Only 65 percent of the force's combat units were considered operating at the military's best levels of readiness in December and January, the official said on condition of anonymity. That means roughly 115 of its 329 combat units were not fully capable of performing their mission.

The rating is based on calculations of whether the units have the people, supplies, equipment and training to do their jobs — and it's been steadily declining for years.

The 65 percent rating early this year, for instance, compares with 95 percent readiness in 1989 and 76 percent at the end of 1998, the official said.

The official blamed budgets that didn't allow enough for spare parts and didn't offer service members salaries competitive in today's booming U.S. economy. That has meant a loss of pilots to the nation's commercial airlines and of other personnel to other civilian jobs.
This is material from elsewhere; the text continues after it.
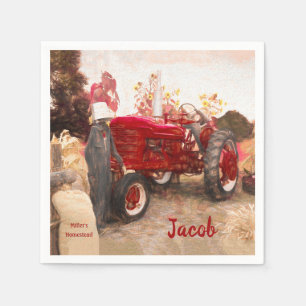 Serviette En Papier Farm Tractor Red Vintage Rustic Autumn Harvest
``I think that all of us underestimated the amount of money you needed to keep the force going'' after the of post-Cold War drawdown in people, equipment and so on, he said.

The Air Force has been downsized by 40 percent.
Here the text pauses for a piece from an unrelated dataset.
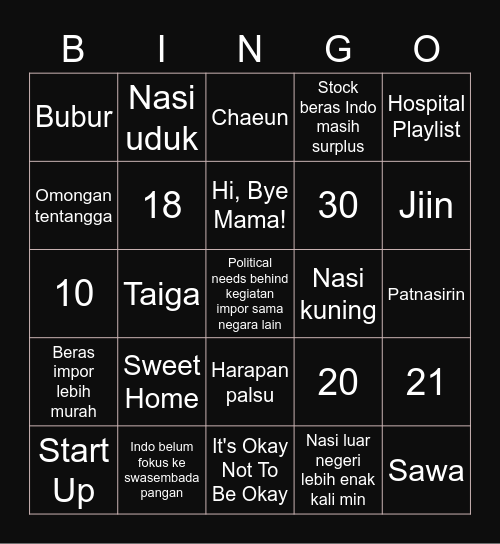 Ganghee Bingo Card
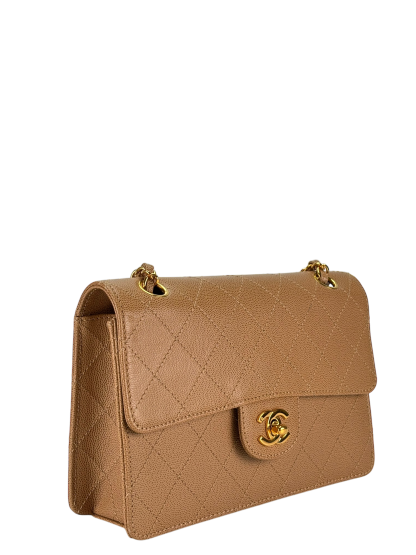 CHANEL - Beige Caviar Classic Single Flap Shoulder Bag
And in one year, for example, only 81 percent of what was needed for spare parts was budgeted. ``That catches up with you,'' he said.

He also blamed the aging fleet of aircraft and increasing tempo of operations, naming the 1990-91 Gulf War, the bombing crusade two years ago to punish Iraq for not cooperating with U.N. weapons inspectors and last year's NATO-led war in Kosovo.
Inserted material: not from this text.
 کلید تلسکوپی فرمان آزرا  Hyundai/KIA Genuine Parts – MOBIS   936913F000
The rating had moved back up slightly since January, to 67 percent as of April 1, because the Air Force purposely cut back on some tasks and took the lull in activity to catch up on some training, put extra money towards restocking supplies and do maintenance.

Besides combat units, there are more than 2600 other units in the force, and those are considered at 81 percent readiness.

``We're hoping in 2000-2001 that our readiness is going to turn around,'' he said, because of salary increases approved last year and efforts to increase recruiting.